Although we strive to keep the financial burden low for our members, it can often be difficult for members to cover their entire fee for a variety of reasons that are often very personal. Many Bushwackers in this position have established networks of family and friends who can help cover at least part of their tuition, but in many cases they are still unable to cover the entire tuition fee, leaving a significant shortfall for the operations of the corps.
We have established an Alumni Scholarship Fund, so Bushwackers from throughout the corps’ 35-year history can do more to ensure the corps continues to operate for another 35 years and beyond. The Scholarship Fund will be directed towards filling the tuition gap and will ease the burden of our members, many of whom are young and may not be established in their careers. Eventually, we hope the Scholarship Fund will be self-sustaining, and will continue to assist members who might not otherwise be able to march for years to come.
To support the Alumni Scholarship Fund, you may offer a contribution to support a member in general, or you may read the cases for support below to help a specific Bushwacker with financial need. The members below have completed an application for financial hardship support. To protect their identity and personal information, we’re not including their names.
Member A is a Bushwackers vet, playing in the percussion battery for the 2016 season. “Being a Bushwacker means being part of a new family. I am here to make my playing and marching abilities stronger, so I am ready for DCI auditions in the fall. DCI has always been a dream of mine, and Bush is helping me get there.”

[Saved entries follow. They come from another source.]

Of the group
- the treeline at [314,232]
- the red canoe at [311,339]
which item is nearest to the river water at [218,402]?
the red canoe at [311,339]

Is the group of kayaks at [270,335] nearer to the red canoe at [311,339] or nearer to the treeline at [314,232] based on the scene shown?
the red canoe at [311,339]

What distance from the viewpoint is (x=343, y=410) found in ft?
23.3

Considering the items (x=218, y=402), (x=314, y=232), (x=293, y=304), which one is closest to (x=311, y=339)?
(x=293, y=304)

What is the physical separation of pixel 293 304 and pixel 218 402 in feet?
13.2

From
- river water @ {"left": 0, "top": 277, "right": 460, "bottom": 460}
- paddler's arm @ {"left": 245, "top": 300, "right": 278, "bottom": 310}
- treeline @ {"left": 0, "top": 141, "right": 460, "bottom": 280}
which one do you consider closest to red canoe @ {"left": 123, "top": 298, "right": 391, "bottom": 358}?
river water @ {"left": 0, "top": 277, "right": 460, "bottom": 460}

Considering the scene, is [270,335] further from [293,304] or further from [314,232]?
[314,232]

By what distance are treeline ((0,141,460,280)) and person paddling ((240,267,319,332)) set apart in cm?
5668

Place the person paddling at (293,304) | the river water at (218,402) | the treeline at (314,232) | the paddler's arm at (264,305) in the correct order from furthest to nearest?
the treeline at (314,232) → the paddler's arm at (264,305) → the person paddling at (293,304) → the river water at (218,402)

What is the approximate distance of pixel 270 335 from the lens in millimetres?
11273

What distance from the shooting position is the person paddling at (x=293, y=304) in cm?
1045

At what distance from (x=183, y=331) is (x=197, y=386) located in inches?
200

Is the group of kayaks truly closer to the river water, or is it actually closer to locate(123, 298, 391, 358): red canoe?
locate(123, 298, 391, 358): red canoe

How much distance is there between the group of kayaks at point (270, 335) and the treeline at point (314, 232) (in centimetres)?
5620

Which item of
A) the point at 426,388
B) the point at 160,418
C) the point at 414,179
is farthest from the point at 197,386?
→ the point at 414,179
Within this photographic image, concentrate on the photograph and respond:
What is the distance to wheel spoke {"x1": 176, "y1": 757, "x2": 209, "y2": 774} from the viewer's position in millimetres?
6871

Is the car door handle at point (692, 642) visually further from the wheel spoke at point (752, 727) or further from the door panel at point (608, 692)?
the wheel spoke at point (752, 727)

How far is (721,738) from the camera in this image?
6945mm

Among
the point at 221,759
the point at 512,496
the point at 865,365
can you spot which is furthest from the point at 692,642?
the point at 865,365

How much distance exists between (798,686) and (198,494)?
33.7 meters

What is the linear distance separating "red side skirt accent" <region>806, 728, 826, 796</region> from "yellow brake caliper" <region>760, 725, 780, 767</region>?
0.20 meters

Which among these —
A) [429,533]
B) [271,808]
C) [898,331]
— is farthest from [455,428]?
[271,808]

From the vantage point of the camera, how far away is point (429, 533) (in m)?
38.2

Member B is a first-year Bushwacker in the color guard. “Towards the end of last season, I met a friend in the guard who showed me this wonderful activity. I built up enough courage and came to the Open House in November. I fell in love with the members’ and staff’s drive for success. I continue to stay because of all the moral support I get from everyone when I feel like I’m not good enough. This drum corps has been one of the most mentally challenging things for me. I love the atmosphere and the warm greetings I get from everyone and also the passion from every single staff member. It makes me wish I could afford everything. I want to be able to make the staff proud even if it takes me till finals. I want to be perfect enough to put a smile on their faces.”
Member C is a second-year Bushwacker in the color guard. “From marching last season, Bush has become everything to me. Bush is my second family. All of my friends and family are at Bush. #magentaandblue #gobush #showhair #pianoforte”
Member D is a second-year Bushwacker vet in the percussion section. “In 2015 I tried out for bass and didn’t make it. Something told me to come back and not give up. I returned and that’s where I felt like I belonged. Bush is my home and I can’t see myself being anywhere but here. My greatest and most enjoyable memories are all based upon Bush. I have the best tech in the world, the best section-mates, the best admin, staff, and other members.”